(Items listed in a dataset)
------------------------------

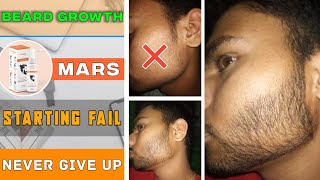 BEARD GROWTH  Beard growth journey failed in the beginning 😢  Never give up  Mars by ghc [upl. by Norac273]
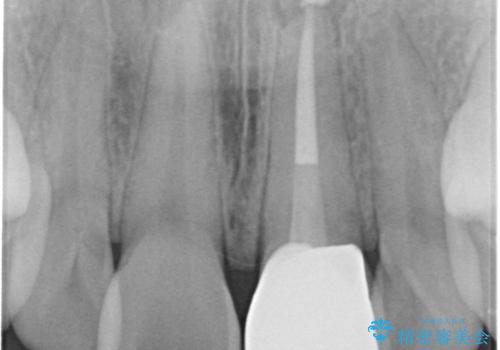 前歯が暗く変色 ジルコニアクラウンでの修復の治療後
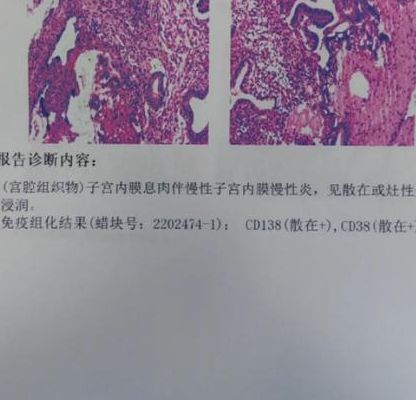 cd138阳性一定不能移植吗？答案可能和你想的不一样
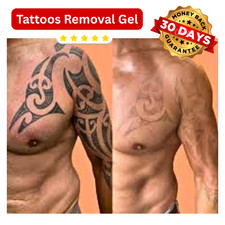 ORIGINAL Tattoo Removal Gel Painless Fade Ink Repair Damaged Skin FAST RESULTS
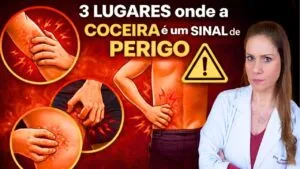 3 LUGARES onde a COCEIRA é um SINAL de PERIGO – Não Ignore! O Que Fazer?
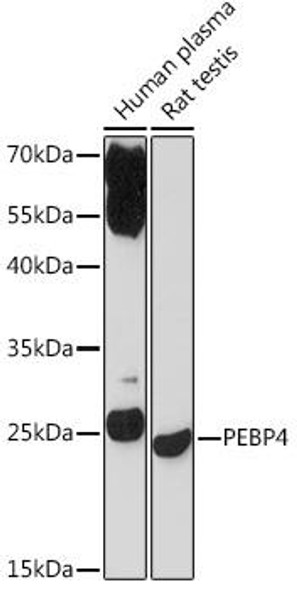Anti-PEBP4 Antibody (CAB17961)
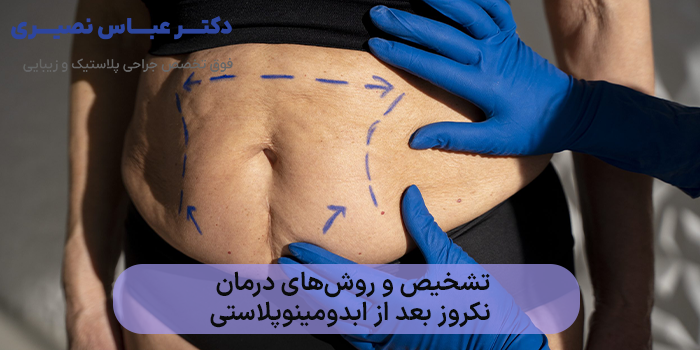 تشخیص و روشهای درمان نکروز بعد از ابدومینوپلاستی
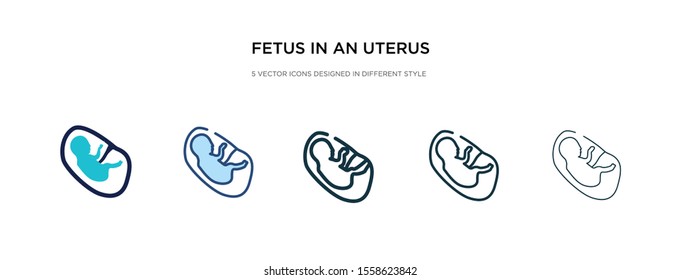 fetus in an uterus icon in different style vector illustration. two colored and black fetus in an uterus vector icons designed filled, outline, line and stroke style can be used for web, mobile, ui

------------------------------

» Brief: Please transcribe, with no additions, the lines starting at the one that contains "3 LUGARES onde" and running through the last line of the entries, inclusive. Leave the pictures out.

» Task solution:
 3 LUGARES onde a COCEIRA é um SINAL de PERIGO – Não Ignore! O Que Fazer?
Anti-PEBP4 Antibody (CAB17961)
 تشخیص و روشهای درمان نکروز بعد از ابدومینوپلاستی
 fetus in an uterus icon in different style vector illustration. two colored and black fetus in an uterus vector icons designed filled, outline, line and stroke style can be used for web, mobile, ui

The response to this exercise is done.